In J&K’s union territory setup, there is little an elected head of government can do. Key powers to handle police and higher administration lie with the New Delhi-appointed Lieutenant Governor (LG), Manoj Sinha (the BJP leader from Uttar Pradesh, Sinha was former Union Railways minister who lost the Ghazipur Parliamentary election in 2019 and was appointed LG in 2020, a day after the first anniversary of the abrogation of Art 370).
Social media gets a breather…but for whom?
However, despite the constraints the Chief Minister’s office operates in and the tight grip of the Centre over the local media, the only relaxation due to the presence of an elected government is in social media. Operating under surveillance for long years with the 24 x 7 monitoring of dissent and the unprecedented blockade of all communication from August 2019 to February 2021, social media spaces has opened up to some extent.
Social media platforms publish criticism of the Omar Abdullah government but there are also political discussions and issues like employment, environmental concerns or developmental issues are more prevalent now. Yet, the tone is cautious and social media commentary is not overly critical or high-pitched, careful to ensure that the comments don’t infuriate the rulers of law and order.

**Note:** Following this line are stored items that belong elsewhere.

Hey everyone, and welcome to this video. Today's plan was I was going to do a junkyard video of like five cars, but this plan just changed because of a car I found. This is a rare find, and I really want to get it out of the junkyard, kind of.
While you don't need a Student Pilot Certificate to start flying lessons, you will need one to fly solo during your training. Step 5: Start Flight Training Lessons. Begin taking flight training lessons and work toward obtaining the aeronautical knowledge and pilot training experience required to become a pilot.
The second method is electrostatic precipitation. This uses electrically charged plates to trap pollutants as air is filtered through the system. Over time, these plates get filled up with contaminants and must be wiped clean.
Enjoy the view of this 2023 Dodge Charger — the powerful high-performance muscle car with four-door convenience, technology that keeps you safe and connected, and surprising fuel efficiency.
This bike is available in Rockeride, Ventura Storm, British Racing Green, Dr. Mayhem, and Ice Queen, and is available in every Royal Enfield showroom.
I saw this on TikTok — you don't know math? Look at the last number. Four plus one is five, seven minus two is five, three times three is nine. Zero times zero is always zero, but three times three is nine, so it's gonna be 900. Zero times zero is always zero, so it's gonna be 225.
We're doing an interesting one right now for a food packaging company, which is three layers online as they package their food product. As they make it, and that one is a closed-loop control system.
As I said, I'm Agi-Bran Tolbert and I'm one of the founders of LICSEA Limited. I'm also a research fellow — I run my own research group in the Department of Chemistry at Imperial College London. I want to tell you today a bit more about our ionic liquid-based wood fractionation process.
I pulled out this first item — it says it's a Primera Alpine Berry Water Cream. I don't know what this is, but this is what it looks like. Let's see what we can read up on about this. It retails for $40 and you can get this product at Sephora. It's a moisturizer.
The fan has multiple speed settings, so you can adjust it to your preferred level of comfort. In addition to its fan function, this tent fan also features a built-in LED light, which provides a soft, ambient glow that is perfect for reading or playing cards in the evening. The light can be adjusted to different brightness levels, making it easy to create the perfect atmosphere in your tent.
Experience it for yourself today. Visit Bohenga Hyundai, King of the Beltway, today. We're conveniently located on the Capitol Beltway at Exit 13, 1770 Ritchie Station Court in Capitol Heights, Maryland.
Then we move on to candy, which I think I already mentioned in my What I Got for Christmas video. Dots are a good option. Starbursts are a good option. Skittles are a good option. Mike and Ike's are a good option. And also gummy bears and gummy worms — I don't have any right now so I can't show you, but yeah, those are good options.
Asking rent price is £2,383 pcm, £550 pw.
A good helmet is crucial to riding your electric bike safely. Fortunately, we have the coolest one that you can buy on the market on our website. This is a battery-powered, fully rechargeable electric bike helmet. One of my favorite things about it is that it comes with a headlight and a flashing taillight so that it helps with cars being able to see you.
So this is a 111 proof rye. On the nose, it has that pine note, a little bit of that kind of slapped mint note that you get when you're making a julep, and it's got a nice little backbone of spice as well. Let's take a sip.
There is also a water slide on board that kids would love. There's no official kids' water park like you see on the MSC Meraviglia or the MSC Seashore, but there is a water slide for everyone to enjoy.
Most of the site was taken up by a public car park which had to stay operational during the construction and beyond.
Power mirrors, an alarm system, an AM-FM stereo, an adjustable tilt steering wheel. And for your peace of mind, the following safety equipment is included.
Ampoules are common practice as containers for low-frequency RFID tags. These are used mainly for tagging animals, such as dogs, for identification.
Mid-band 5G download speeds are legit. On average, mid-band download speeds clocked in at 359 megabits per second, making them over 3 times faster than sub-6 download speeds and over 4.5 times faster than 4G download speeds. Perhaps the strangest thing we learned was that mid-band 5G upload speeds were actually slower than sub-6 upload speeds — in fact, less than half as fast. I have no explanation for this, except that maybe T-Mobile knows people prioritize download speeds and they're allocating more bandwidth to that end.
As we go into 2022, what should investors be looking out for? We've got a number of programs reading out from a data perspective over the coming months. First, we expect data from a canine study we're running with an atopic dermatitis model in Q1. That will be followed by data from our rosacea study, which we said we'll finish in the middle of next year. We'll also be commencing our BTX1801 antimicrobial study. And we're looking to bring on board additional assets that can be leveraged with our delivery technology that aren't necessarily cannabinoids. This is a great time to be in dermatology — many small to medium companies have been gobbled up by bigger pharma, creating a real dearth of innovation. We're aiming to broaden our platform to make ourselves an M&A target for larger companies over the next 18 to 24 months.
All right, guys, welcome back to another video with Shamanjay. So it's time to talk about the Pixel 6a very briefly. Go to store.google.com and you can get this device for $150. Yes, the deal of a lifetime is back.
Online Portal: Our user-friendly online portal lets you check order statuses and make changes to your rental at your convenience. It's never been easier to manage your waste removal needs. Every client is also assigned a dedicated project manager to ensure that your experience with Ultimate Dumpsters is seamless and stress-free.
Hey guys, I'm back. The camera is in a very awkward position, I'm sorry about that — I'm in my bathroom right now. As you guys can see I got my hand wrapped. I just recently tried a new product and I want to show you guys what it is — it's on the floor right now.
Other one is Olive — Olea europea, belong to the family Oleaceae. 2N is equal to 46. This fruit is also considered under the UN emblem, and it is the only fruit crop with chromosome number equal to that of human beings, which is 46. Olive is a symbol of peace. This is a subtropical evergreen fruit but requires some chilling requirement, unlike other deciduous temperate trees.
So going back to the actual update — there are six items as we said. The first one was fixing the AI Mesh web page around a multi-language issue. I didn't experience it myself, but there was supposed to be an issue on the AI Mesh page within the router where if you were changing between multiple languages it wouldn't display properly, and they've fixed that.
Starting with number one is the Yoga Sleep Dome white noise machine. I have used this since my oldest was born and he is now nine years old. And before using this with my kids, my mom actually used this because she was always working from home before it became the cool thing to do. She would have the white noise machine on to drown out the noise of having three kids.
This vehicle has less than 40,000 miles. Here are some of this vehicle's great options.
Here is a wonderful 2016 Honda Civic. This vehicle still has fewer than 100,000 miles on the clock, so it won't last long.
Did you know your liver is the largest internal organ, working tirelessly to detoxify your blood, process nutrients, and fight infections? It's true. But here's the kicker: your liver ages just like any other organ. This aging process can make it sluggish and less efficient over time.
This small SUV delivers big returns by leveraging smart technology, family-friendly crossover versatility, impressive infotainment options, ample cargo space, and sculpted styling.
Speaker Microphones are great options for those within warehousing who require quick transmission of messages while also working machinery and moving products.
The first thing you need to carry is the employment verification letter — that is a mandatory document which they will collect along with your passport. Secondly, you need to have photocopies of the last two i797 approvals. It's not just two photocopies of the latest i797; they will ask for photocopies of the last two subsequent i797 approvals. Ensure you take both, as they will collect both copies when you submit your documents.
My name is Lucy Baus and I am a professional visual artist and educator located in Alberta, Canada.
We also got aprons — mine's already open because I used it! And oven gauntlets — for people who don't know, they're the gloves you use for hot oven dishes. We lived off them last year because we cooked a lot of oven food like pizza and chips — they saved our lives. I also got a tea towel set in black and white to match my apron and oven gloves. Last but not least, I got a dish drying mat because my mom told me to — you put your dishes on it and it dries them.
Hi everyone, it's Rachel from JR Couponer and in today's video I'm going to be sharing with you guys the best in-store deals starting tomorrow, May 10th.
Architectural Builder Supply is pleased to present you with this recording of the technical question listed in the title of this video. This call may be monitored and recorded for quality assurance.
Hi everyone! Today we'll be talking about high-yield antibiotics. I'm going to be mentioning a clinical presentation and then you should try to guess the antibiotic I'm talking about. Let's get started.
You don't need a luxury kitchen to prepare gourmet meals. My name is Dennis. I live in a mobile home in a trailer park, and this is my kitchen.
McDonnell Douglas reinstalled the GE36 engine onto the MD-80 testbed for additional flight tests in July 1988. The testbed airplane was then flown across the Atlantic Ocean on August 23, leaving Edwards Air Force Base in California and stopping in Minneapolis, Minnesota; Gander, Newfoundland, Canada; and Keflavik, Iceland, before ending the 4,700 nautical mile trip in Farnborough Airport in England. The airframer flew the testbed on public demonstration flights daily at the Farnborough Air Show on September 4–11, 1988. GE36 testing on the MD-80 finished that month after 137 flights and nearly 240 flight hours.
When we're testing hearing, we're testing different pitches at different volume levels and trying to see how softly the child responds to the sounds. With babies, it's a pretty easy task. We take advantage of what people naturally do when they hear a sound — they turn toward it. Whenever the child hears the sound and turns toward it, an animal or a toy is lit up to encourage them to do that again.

Interestingly, while Sinha did take full responsibility for the dastardly Pahalgam attack and termed it as a security lapse, local media was silent over the failure of intelligence agencies or of security forces (Even Satya Pal Malik, who was Governor of J&K in 2019, minced no words in his last interview to the news portal The Wire, before his passing on Aug 5, 2025, as he said Prime Minister Narendra Modi “must apologize” to the country for permitting Pahalgam to happen).
But when senior journalist Hilal Mir, commented on the attack, he was detained by J & K Police on charges of promoting “disaffection” against India and “secessionist ideology” through his social media accounts. He had to take down a Facebook post that commented on the plight of Kashmiris post the attack.
Post-Pahalgam, the fall in tourism and the impact on the economy, the media in Kashmir continues to be heavily dependent on state advertising. The death knell for a healthy media had already been sounded in 2020, with a media policy that has built in provisions to criminalise independent media and journalists and privilege the more pliant media.
Independent online media which eschewed government advertising is still to recover from the long period of internet shutdown and criminal cases lodged against its editors. For instance, The Kashmir Walla is unable to resume publication after the jailing of its editor Fahad Shah and the freezing of its accounts.
Six years of a repressive new normal with no sign of a return to full statehood (though a plea for restoration of statehood is slated to come up before the Supreme Court on Aug 8), Kashmir’s media continues to struggle to survive. Far from speaking truth to power, it remains silent and powerless.